That brings me, finally and crucially, to the position of the Government. For my two previous Bills, the Government, while not opposing them outright, have said that now is not the right time. In September 2016, the Minister, the noble Baroness, Lady Chisholm, said that it was not the right time because the Government were busy

“implementing the result of the EU referendum.”—[Official Report, 9/9/16; col. 1249.]

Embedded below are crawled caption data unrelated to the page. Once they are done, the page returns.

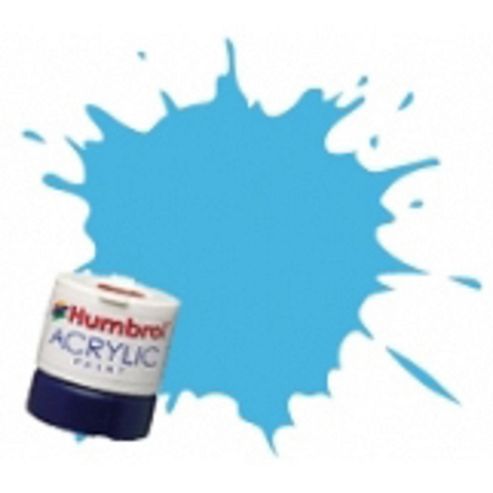 Image of Humbrol Acrylic - 14ml - Gloss - No47 - Sea Blue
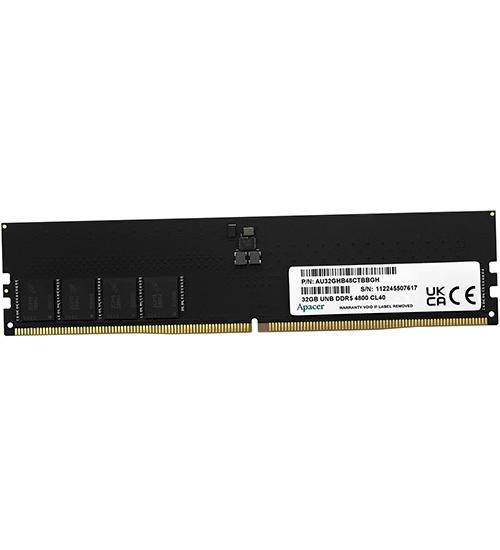 Памет Apacer 32GB DDR5 4800Mhz, 1.1V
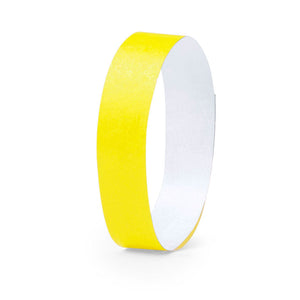 Braccialetto Ankaran giallo - personalizzabile con logo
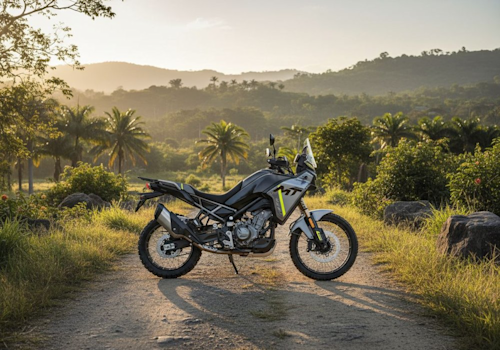 CF Moto 450 MT Lifestyle2 Galgo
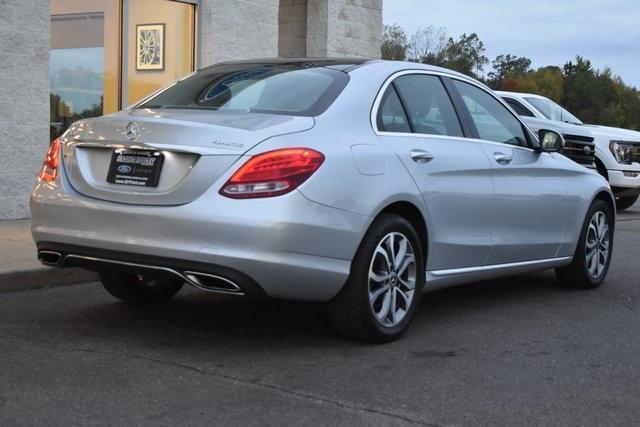 used 2018 Mercedes-Benz C-Class car, priced at $13,689
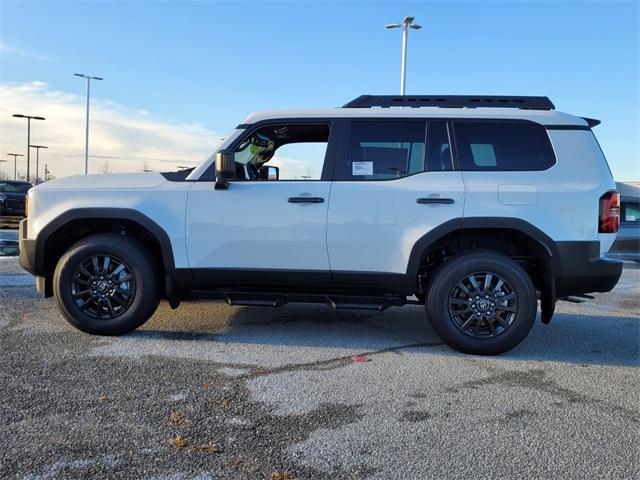 new 2025 Toyota Land Cruiser car, priced at $61,437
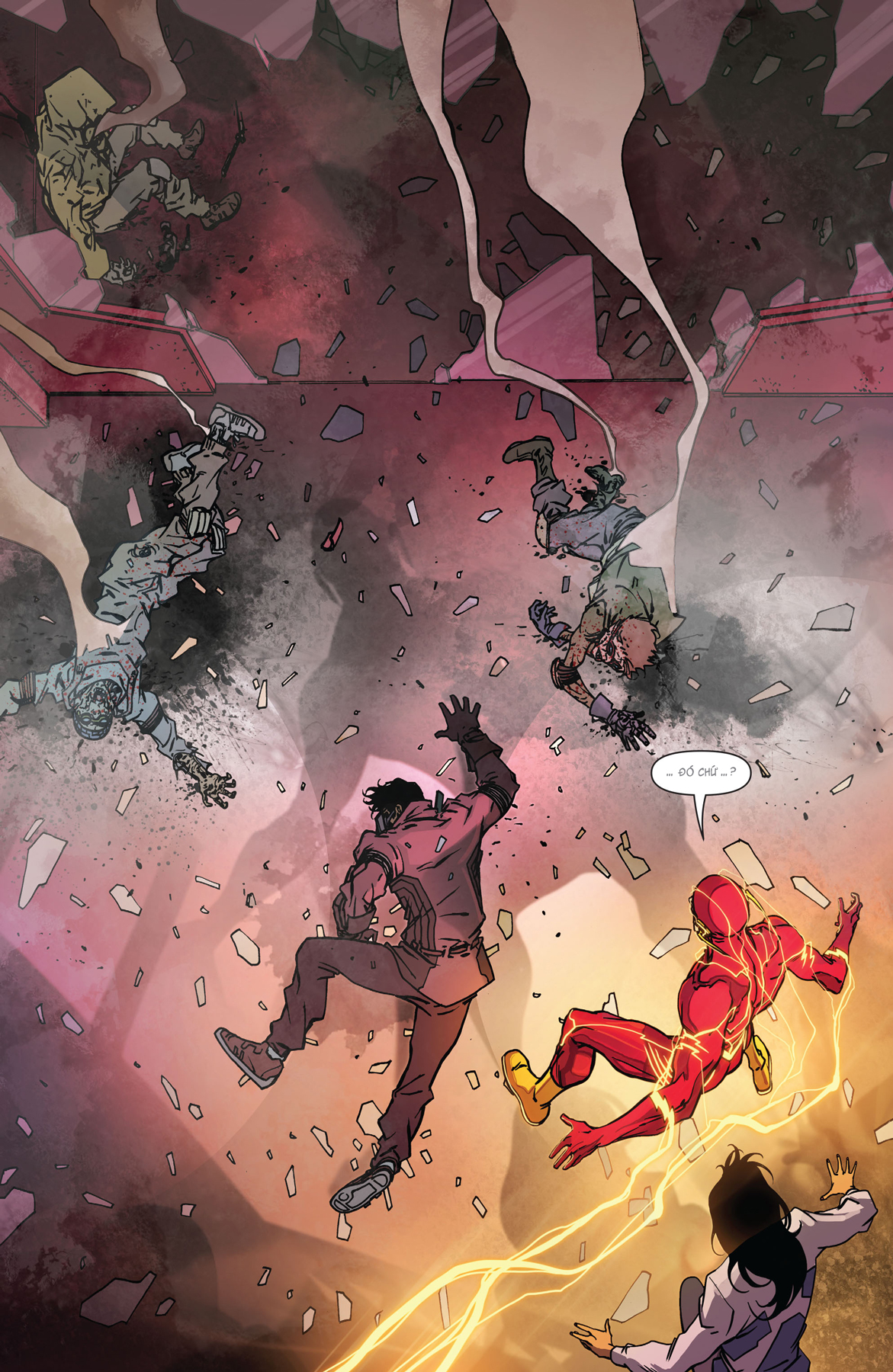 The Flash Chapter 3 - Trang 2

In 2017, the noble Lord, Lord Young of Cookham, who I am very pleased to see will be speaking later, thought that it was not the right time because the Government were waiting to hear the findings of the Burns committee. Both those reasons for delay are behind us.

So, I appeal to the Minister: we waited patiently for these two objections to be met, and now the way is clear for the Government to give the Bill a green light. I beg you, please do not say that now is not the right time because we are waiting for the report of the constitution, democracy and rights commission. The commission has not even been set up yet and we all know that it will take years, during which time we will have yet more of these wretched by-elections. By the way, I make one confident prediction about this commission, whatever its membership or terms of reference: whenever it comes up with its final report, it will not have a paragraph saying, “As we look to the future development of our democracy, we are unanimous in our belief in the importance of preserving the system of by-elections for hereditary Peers”.

I have brought this simple Bill back for a third time because I know that I have the overwhelming support of the House. I also know that, if any of the Bill’s opponents were to take the case for continuing with this system to the country, anywhere in the UK, they would be laughed out of court. These by-elections are indefensible, ludicrous, laughable, embarrassing, ridiculous, farcical and absurd. Those few Peers who continue to support them are defending the indefensible. The by-elections are way past their sell-by date. This Bill gets rid of them and I commend it to the House.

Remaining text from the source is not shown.